Ward repeatedly qualifies as a thesaurus the result of writing everything down. «Almost everything», he points out «because sometimes there is nothing to review. What you write has to mean something. The meeting with the subscriber and the photographer must be reflected “for posterity.” With images included that complete the writing. The episode is already included in the particular Ward universe.
He returns to the concept of the thesaurus to make it clear that “this is not a diary, that is not the idea because sometimes I go back and paste, for example, the obituary of a dead acquaintance with some addition, not always favorable to the deceased.” One piece of information: “Sometimes other people write as if it were a collective act.” And furthermore, “the average is once every three days and sometimes five go by without adding anything.” Thesaurus: list of words or terms used to represent concepts. In this definition Pupi is more comfortable, as his family and friends call him. He often engages his students in the hobby of writing in the thesaurus.
Born in a very humble environment and raised in that Taco, product of island immigration Interior of the seventies of the last century, Pupilo – a name that, he assures, “my mother gave me, María de las Nieves, I still don’t really know why” – remembers his youth. Among the unloading of containers of Galletas Artiach – he is still hooked on those of cream – for 5,000 pesetas to earn a living and compulsive reading. He tells it: «I read everything that fell into my hands and Miakovski and Parsternak marked me a lot. Or Nietzsche. A neighborhood boy with a cultivated mind. But he had time to go to the plaza, play sports and smoke a joint. It was the age of drugs and heroin took many friends. There was not much future in that Canary Islands and going abroad was a good option.
Ward emigrates twice. The first to Switzerland with her then partner. He is there for two years, has his first daughter, and returns in the mid-80s. The second time he marches, already alone, to England. It was three years as a freganchín (wahs in up). He works hard but comes back “rich from the change in the pound and fluent in English.” Save, invest and make the decision to train academically.
He calculates that every ten years he has finished a degree.
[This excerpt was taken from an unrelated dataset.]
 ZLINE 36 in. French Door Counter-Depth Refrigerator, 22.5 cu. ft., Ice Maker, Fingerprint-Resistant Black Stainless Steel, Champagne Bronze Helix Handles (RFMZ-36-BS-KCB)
Physiotherapy in ULL, with 30; Journalism also at the ULL, at 40, and English Philology at Las Palmas, at 50. When I taught Physiotherapy classes in Negrín they call him to join as a VET teacher in La Guancha. A turn in his life.
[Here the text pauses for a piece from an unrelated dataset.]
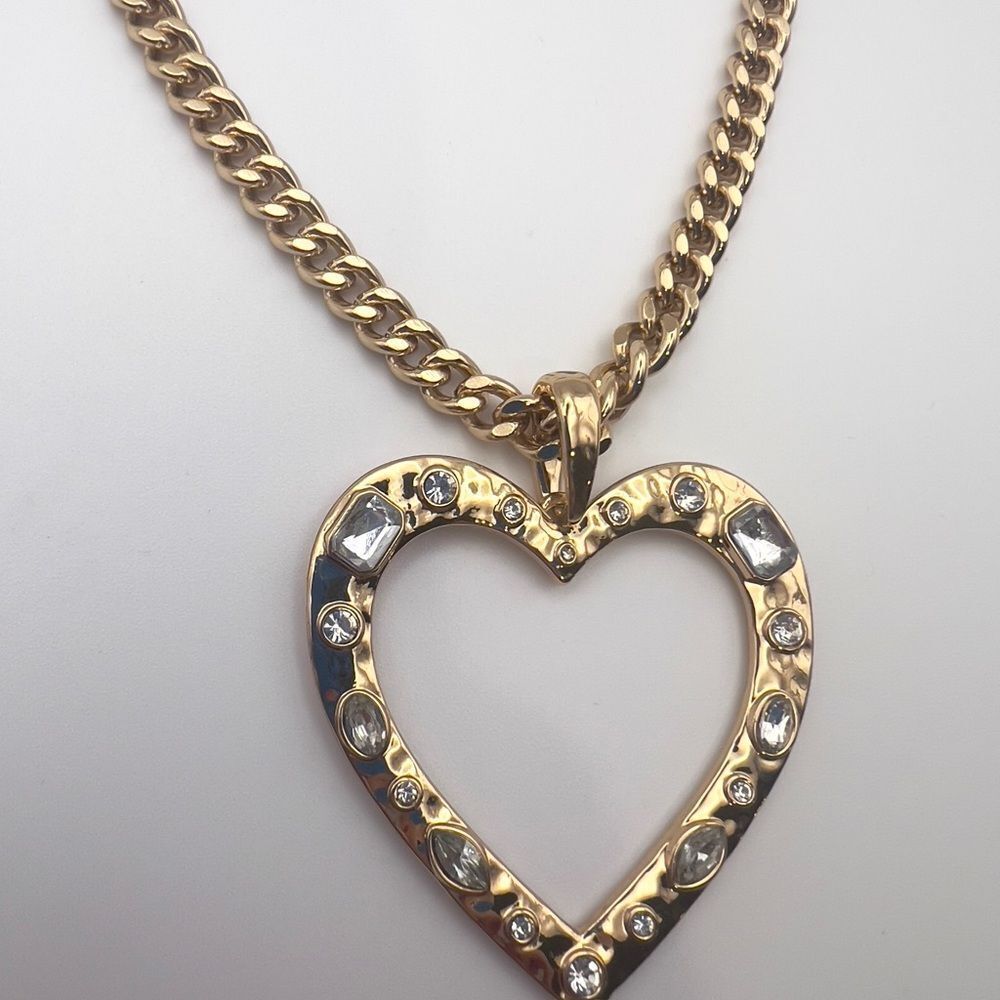 Melrose and Market Gold Heart Necklace with Multicolor Gems - Picture 9 of 11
The penultimate story that it tells in the thesaurus is that of a lady – quite a few have passed through her life – who lived through the tragedy of the cruise ship Costa Concordia. The last one recounts his experience in the recent Rock & books Festival in the capital of Gran Canaria.
Ward is doing well. He lives in the center of La Laguna, where he has his query. Going out through Aguere with him – in tennis, shorts and a UD Las Palmas tracksuit, his second team, because the first is Tete – forces him to stop at every corner. He knows everyone and is also known.
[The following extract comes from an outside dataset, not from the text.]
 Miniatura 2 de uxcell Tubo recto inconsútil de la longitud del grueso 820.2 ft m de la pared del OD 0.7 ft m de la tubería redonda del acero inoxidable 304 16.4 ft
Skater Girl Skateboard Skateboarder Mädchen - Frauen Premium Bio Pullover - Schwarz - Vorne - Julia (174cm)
He reflects to conclude: “If someone told me when I was 15 years old, when I lived in Taco that today my house would be here – one of the historical temples of the Lagunera bourgeoisie – I would have recommended that you go to the psychiatrist.” From Taco to the heart of La Laguna with passage through Switzerland, England or Las Palmas – he lives there from Thursday to Sunday. An intense journey. And all well pointed.